Fabricators can optimize material usage, machines, manpower and data in the face of supply chain disruptions and labor shortages

Sacrificing one thing to get more of something else is what economists call a trade-off. When it comes to nesting parts, job shops also struggle with trade-offs. Often, the advantage of nesting as many parts together as possible is outweighed by the need for organization. Operators find they must restrict nesting software in order to bundle and easily locate similar parts.

“Now job shops can have their cake and eat it too,” says Wayne Cathers, product owner—business systems for SigmaNEST. A developer of end-to-end CAD/CAM software solutions, SigmaNEST helps metalformers and fabricators optimize material use, machine motion, manpower and data management. It can also take a manufacturer from quoting to shipping and invoicing with linked business systems software programs.

“Unlike other enterprise resource planning and material requirements planning programs, SigmaNEST directly integrates with CAD/CAM,” says Cathers. “More restrictions on the software equate to higher material use and fewer parts made. We eliminated that. Our system organizes and tracks parts without human intervention, allowing a company to get the highest yield possible without sacrificing organization. That saves money, time and material.”

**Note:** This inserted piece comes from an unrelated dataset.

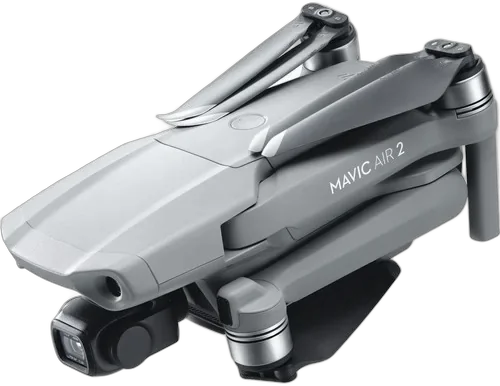Дрон DJI Mavic Air 2 Fly More Combo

SigmaNEST’s CAD/CAM nesting engine offers customizable modular features with the ability to drive nearly every type of cutting, routing or punching machine. It’s just one of the ways the software gives fabricators intelligent connections between machines and different operations.


“Over the last two years, we broadened our software systems and databases to track and manage data and production from end to end,” says Cathers. “It’s easy for manufacturers to get tunnel vision by just looking at nesting performance, especially with material prices spiking. But you risk missing the bigger picture. We’re seeing the impact of the labor shortage on manufacturers. That’s why it is more important than ever to have software that can do the work for you.”

He says customers increasingly “want integration to be less complex. The bigger shops get, the more complex their processes tend to become. They might have one software product to handle customer relations, one to process order entries and another for manufacturing.” In the past, says Cathers, shops would task their own IT people with integrating multiple software systems. “Now with labor shortages and the economy in general, fabricators either don’t have the finances to invest in in-house IT support or they can’t find people with these skills.”

SigmaNEST is closing the loop for customers by targeting what it calls the connected shop. The software suite combines simplicity with best manufacturing practices to bridge customer relationship management, ordering, inventory, production, delivery and invoicing. Software components like SigmaSCHEDULE and Load Manager allow a job shop to plan projects with nested programs, primary cutting operations and secondary processes such as bending. The software can instantly adjust to workflow changes. In addition to real-time load balancing, these components efficiently divide work between machines and various workstations. It can also automatically resolve scheduling conflicts to compensate for disruptions like machine downtime or the need to incorporate a priority job.

SigmaSHIPPING and SigmaRECEIVE streamline logistics on the shop floor. An operator or manager can use these browser-based apps to create and receive deliveries and dispatch notes from a smartphone or tablet. SigmaQUOTE and SigmaMRP easily integrate business systems with manufacturing processes.


“Our customers asked for better shop floor tracking to gain efficiencies without having to dedicate personnel to monitor jobs and schedules,” Cathers says. “Tracking data from the time you start a job to the time the job is completed provides critical data such as how long the job took and how much material was used. A fabricator can perform accurate comparisons between estimated costs used for quoting and actual processing time. If there are discrepancies, a company can pinpoint where its inefficiencies are.”

For manufacturers that want to retain current ERP and MRP systems, SigmaNEST’s software is easy to incorporate within a customer’s existing business management system. “An ERP system routinely handles tasks such as order entry and accounting, but it can’t understand how parts need to be nested or scheduled,” Cathers says. “In cases like these, our connected shop suite of products manages all the manufacturing activities then hands the data back over to a customer’s ERP software.”

Each fall, SigmaNEST releases the next version of its platform. The software solution provider considers customer feedback in developing and testing new features. This year it will introduce easier ways to view data on the shop floor as well as functions to help users track quality, nonconformance reports and corrective action plans.